Return the listing below exactly as it stands. Pictures stay out.
··· Information supplied
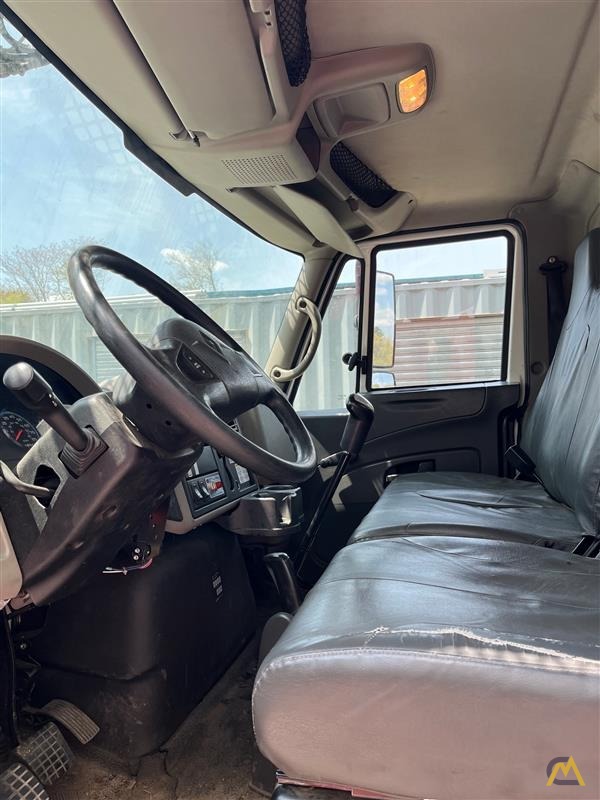 2010 ElliotInternational L60R High Reach Bucket Crane Truck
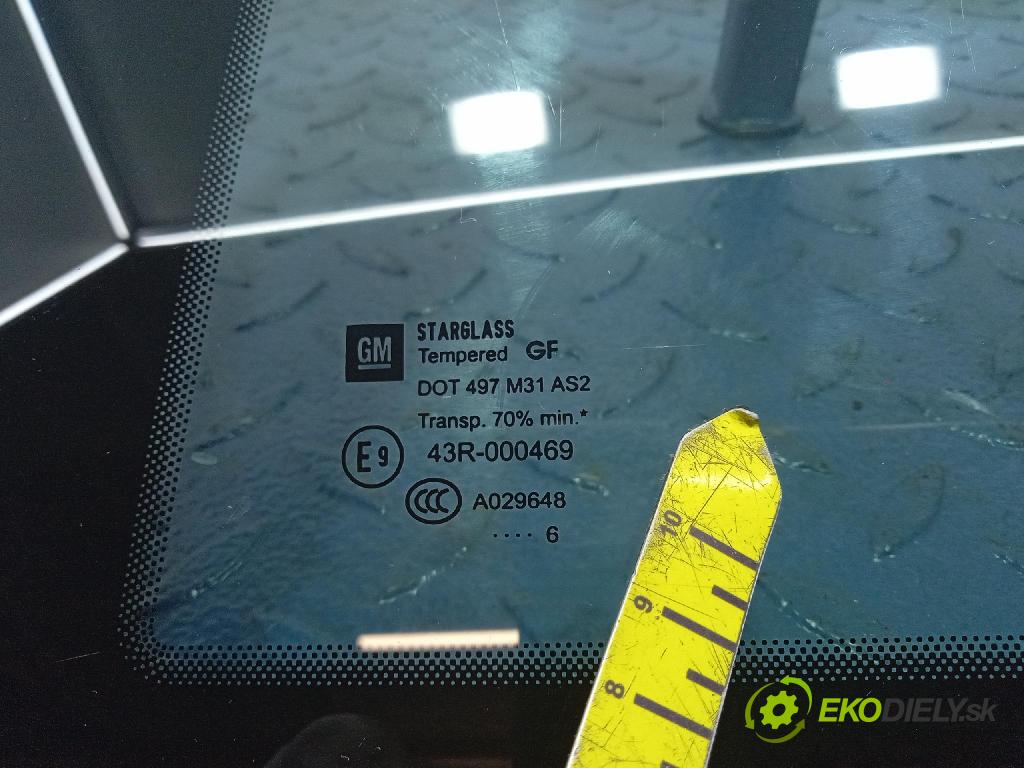 Opel Astra 2006 sklo Karoséria: zad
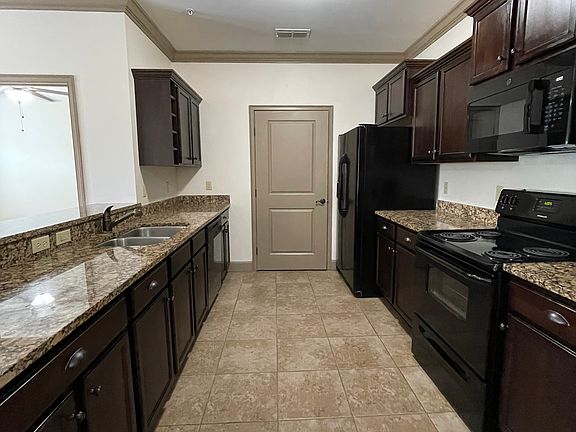 4th image of 1100 SW 6th Ave #9d6ccb062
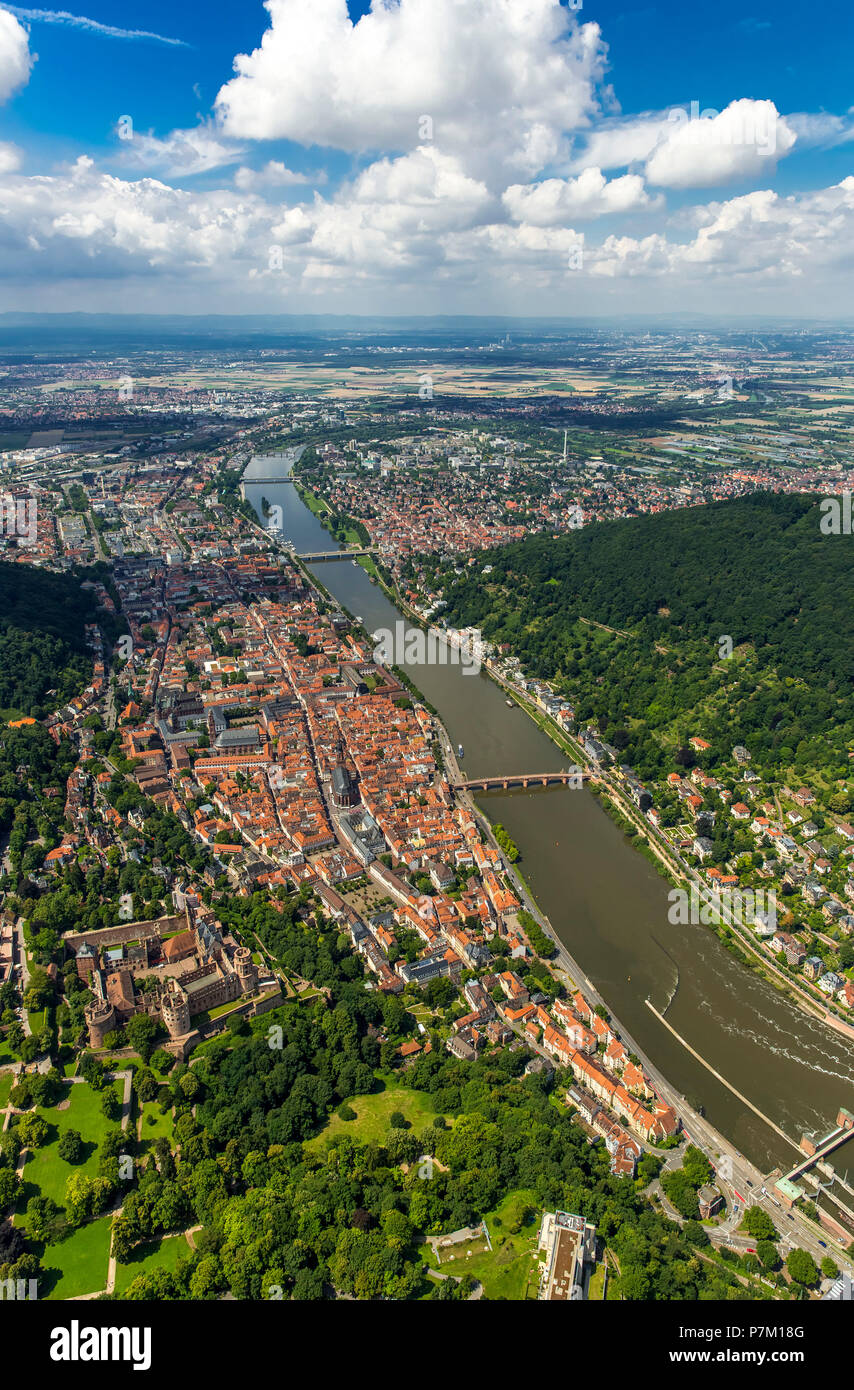 Avis de Heidelberg et le Neckar avec Vieux Pont et l'église de l'Esprit Saint, Heidelberg, Bade-Wurtemberg, Allemagne Banque D'Images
······
Output of the task -
 2010 ElliotInternational L60R High Reach Bucket Crane Truck
 Opel Astra 2006 sklo Karoséria: zad
 4th image of 1100 SW 6th Ave #9d6ccb062
 Avis de Heidelberg et le Neckar avec Vieux Pont et l'église de l'Esprit Saint, Heidelberg, Bade-Wurtemberg, Allemagne Banque D'Images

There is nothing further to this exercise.